**Work instructions**
Looking through the records below, please work out how many lines contain "Outdoor". Give only that number.

**Material for the task**

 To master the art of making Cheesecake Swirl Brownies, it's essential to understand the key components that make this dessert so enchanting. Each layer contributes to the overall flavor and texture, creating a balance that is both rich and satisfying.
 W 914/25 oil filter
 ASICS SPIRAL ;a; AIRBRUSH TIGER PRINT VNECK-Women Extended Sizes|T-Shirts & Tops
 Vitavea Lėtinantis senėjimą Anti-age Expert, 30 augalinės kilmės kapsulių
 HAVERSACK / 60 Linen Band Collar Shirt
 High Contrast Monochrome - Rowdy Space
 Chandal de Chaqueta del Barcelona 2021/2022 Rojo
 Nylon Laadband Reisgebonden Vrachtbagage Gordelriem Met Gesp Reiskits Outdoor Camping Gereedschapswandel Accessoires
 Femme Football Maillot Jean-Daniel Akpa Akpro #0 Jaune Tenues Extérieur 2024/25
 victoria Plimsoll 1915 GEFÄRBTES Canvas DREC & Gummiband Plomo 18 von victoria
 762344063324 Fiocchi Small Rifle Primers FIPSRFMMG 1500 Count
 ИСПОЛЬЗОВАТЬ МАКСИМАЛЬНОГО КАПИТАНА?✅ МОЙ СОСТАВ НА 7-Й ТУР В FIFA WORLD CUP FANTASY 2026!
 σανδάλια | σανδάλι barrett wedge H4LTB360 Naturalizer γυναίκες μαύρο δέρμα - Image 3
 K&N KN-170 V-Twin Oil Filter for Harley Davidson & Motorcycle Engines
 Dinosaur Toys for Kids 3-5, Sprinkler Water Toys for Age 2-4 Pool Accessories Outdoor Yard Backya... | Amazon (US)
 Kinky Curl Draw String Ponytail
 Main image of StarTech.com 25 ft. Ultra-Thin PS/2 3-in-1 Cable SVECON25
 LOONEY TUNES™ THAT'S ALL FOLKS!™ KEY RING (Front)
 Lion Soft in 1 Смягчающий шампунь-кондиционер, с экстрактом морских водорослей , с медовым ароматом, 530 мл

**Solved problem**
2